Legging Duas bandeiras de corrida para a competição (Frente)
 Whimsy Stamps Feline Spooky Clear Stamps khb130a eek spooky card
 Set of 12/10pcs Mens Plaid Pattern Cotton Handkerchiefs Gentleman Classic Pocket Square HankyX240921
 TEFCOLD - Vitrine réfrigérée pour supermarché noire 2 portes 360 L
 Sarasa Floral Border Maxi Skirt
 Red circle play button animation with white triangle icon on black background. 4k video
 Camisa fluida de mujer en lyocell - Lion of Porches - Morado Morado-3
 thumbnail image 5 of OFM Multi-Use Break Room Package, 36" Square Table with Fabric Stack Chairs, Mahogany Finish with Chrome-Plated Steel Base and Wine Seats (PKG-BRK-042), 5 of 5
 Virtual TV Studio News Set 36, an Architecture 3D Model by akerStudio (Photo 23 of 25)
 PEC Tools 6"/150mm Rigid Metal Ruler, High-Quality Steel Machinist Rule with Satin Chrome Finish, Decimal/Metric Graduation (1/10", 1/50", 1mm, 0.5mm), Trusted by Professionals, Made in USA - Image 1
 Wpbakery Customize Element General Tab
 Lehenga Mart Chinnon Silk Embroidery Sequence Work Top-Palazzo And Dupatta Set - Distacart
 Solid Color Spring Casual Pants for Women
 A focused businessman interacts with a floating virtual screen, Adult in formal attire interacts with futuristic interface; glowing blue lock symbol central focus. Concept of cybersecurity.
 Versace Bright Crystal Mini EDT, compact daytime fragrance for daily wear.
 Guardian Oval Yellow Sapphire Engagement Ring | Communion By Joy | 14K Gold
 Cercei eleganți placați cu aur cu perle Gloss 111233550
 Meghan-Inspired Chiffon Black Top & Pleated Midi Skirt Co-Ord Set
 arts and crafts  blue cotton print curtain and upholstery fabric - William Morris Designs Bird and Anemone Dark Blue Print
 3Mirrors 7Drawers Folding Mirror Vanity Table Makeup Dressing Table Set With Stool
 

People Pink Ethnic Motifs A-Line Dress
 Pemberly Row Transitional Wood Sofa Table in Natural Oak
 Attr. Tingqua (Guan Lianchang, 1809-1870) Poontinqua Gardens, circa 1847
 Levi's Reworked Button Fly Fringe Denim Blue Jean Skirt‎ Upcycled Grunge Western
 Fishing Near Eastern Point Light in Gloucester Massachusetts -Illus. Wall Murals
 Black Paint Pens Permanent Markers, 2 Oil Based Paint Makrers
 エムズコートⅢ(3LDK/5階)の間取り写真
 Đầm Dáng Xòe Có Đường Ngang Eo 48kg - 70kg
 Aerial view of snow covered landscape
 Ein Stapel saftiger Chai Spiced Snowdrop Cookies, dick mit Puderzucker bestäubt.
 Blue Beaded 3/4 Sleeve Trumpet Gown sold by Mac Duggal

———

» **Exercise goal**
What you copy out must be exactly the lines from the line containing "Levi's Reworked Button" through the end of the records.

» **Answer section**
 Levi's Reworked Button Fly Fringe Denim Blue Jean Skirt‎ Upcycled Grunge Western
 Fishing Near Eastern Point Light in Gloucester Massachusetts -Illus. Wall Murals
 Black Paint Pens Permanent Markers, 2 Oil Based Paint Makrers
 エムズコートⅢ(3LDK/5階)の間取り写真
 Đầm Dáng Xòe Có Đường Ngang Eo 48kg - 70kg
 Aerial view of snow covered landscape
 Ein Stapel saftiger Chai Spiced Snowdrop Cookies, dick mit Puderzucker bestäubt.
 Blue Beaded 3/4 Sleeve Trumpet Gown sold by Mac Duggal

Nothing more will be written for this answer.